Jeff Lambert wants you all to know that the McRib is back.

“Of course, I have found that anything that comes out of the South is going to be called grotesque by the Northern reader, unless it is grotesque, in which case it is going to be called realistic.”
– Flannery O’Connor, “Some Aspects of the Grotesque in Southern Fiction” (1960)

I was first exposed to Southern Gothic in my AP Lit class in high school – after slogging our way through Madame Bovary and The Mayor of Casterbridge, we finally got to a body of work that a) I actually read and b) actually interested me. We read Faulkner’s Go Down, Moses and Caron McCullers’ The Ballad of the Sad Café. We re-read Harper Lee’s To Kill a Mockingbird. And finally, we read Flannery O’Connor’s short stories “Good Country People” and “A Good Man is Hard to Find.”

I was floored. The writing was sparse and bleak. Everybody – at least the protagonists – got killed or screwed over. There was an anger, an edge, to O’Connor’s voice that resonated with me. Throughout all of the Southern Gothic writers we covered, there was a pervasive sense of despair, nihilism and decay. It was like listening to punk, but in a book.

I was hooked.

The other thing that stood out to me as I read more of the genre – McCullers’ The Heart Is a Lonely Hunter, O’Connor’s complete short stories – was that the “great voices” of Southern Gothic were predominantly female. McCullers, O’Connor, Lee, Welty – Faulkner, Williams and Caldwell find themselves outnumbered.
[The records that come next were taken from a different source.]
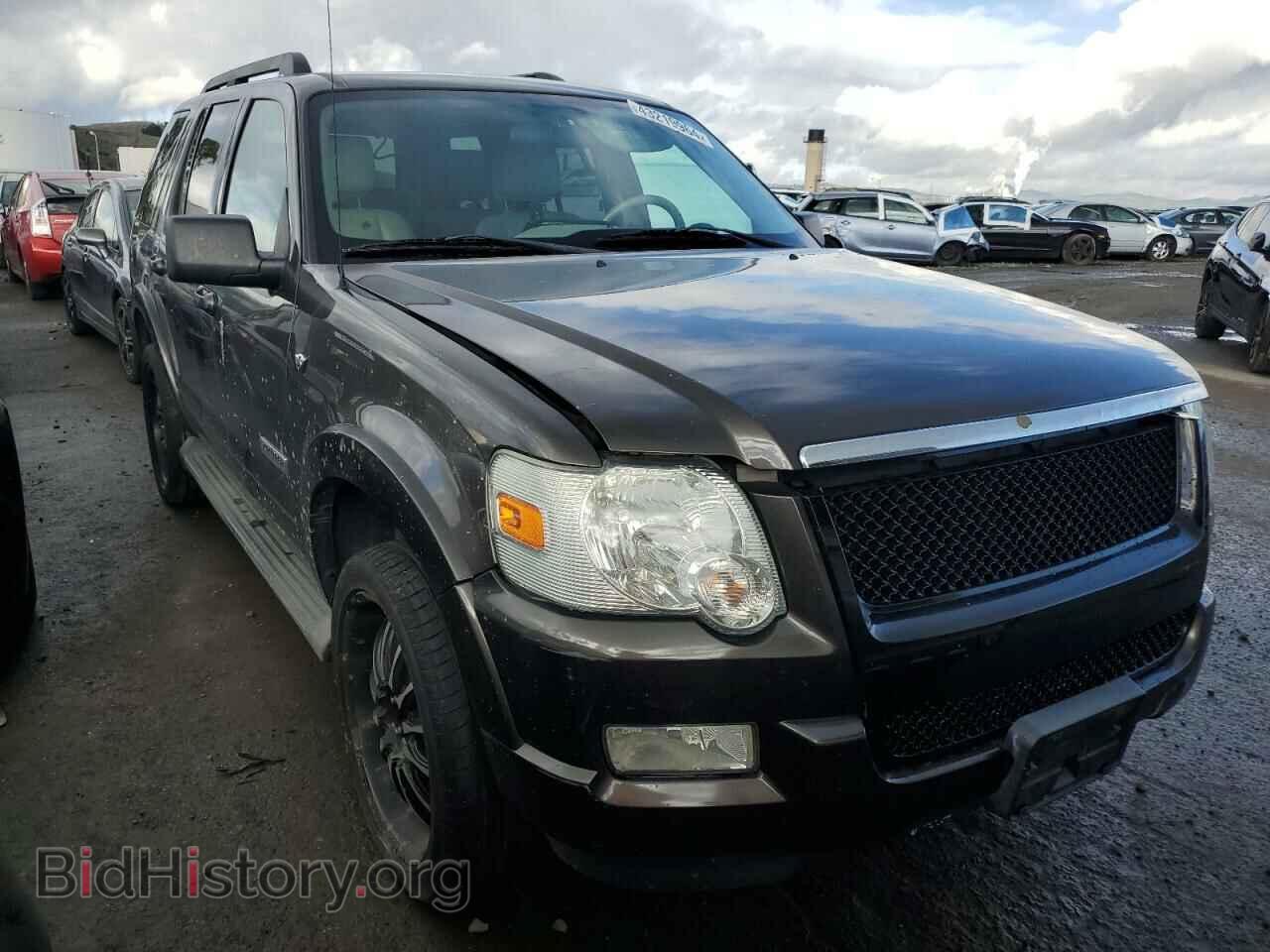 2007 FORD EXPLORER - VIN: 1FMEU73887UB84638 - Фото 4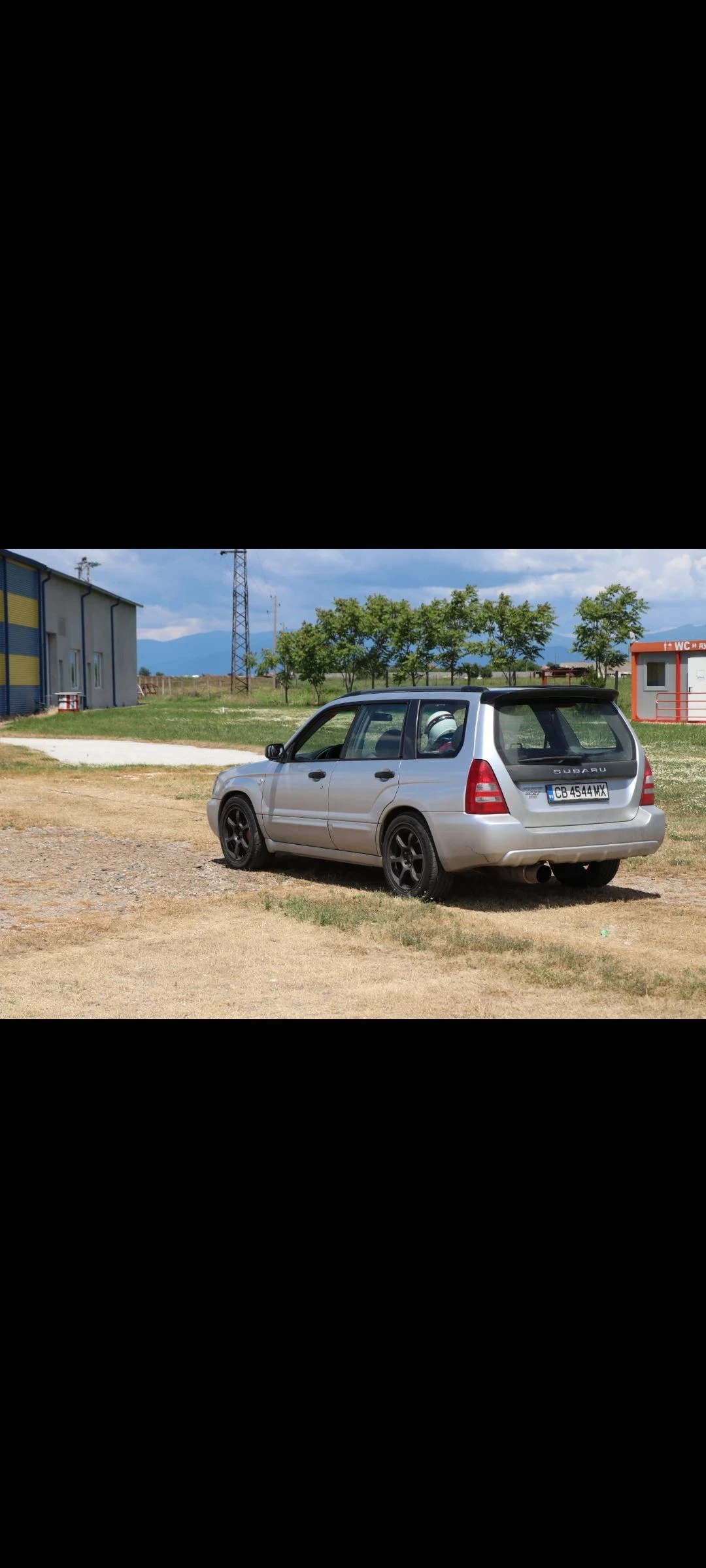 Subaru Forester 2.5 XT - изображение 3
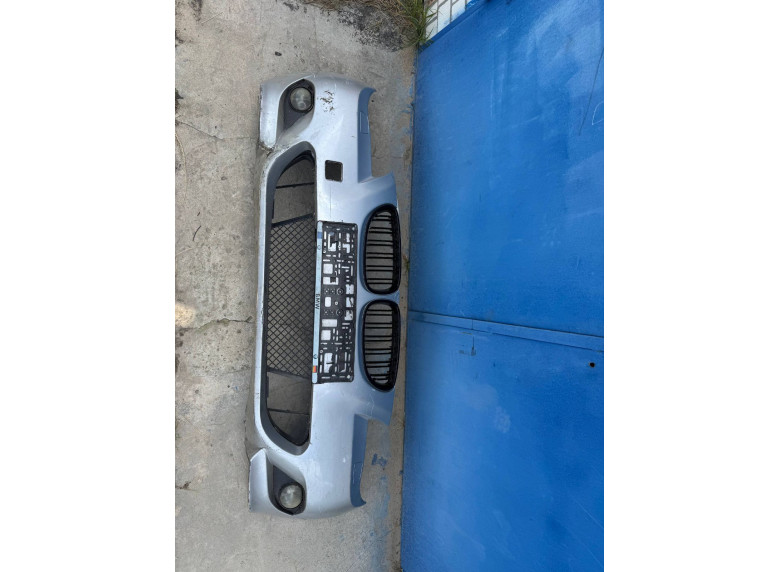 Бампер передний к BMW 5 E60/E61, 2005г.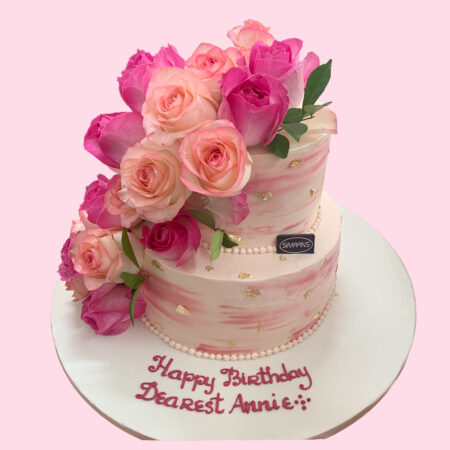 Premium Birthday Cake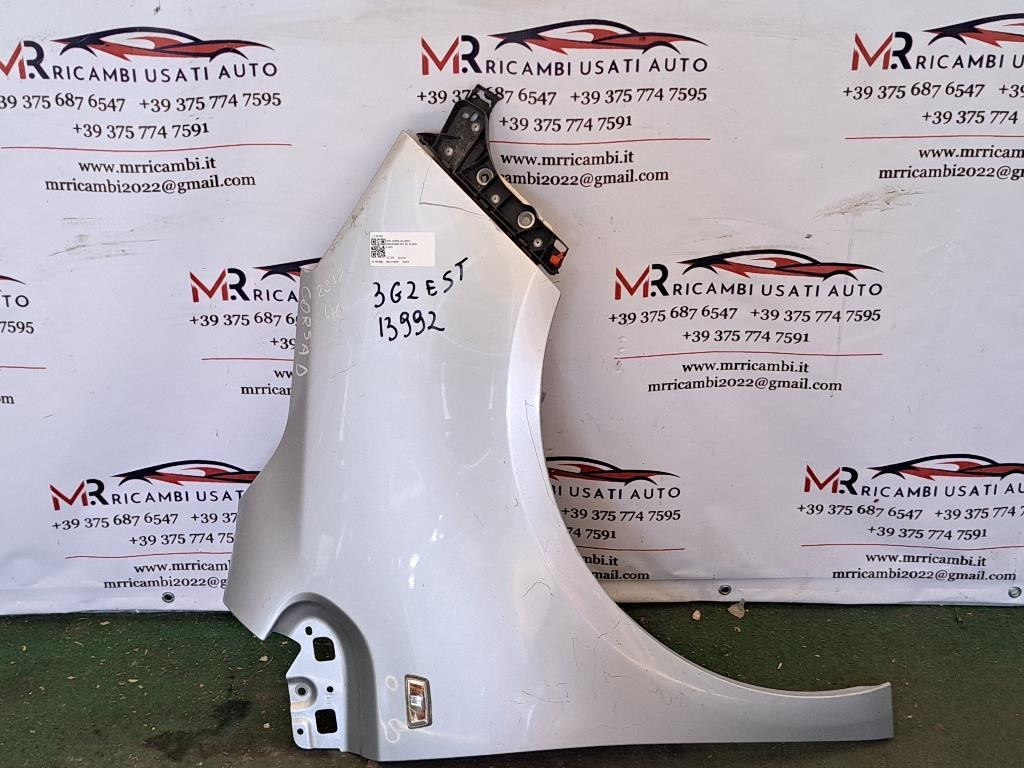 Parafango Anteriore Destro OPEL Corsa D 5P 2° Serie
As a result, there are a lot of feminist (or at least proto-feminist) ideas in these works. The characters are the weird, the without, the misfits. They don’t fit into the tiny boxes created for them by Southern Society. In a body of literature that holds the mirror up to the Grotesque in American Life (racism, sexism, hypocrisy, false religion) it takes these outcasts to show us our own ills.

But the stories of these misfits are so tragic. The Heart is a Lonely Hunter’s Mick Kelly abandoning her dreams of studying music to work at a department store. Joy Hopewell, the educated and out-of-place weirdo of “Good Country People,” getting stranded in the barn by a seductive itinerant Bible salesman/acrotomophile. The giant Amelia getting jilted at the end of “The Ballad of the Sad Café.” Whereas Victorian lit has this trope of happy endings, where everyone gets married or adopted or god bless us everyone, Southern Gothic is rooted in realism. If Victorian lit is wearing rose-colored glasses, Southern Gothic dropped its lenses in shit.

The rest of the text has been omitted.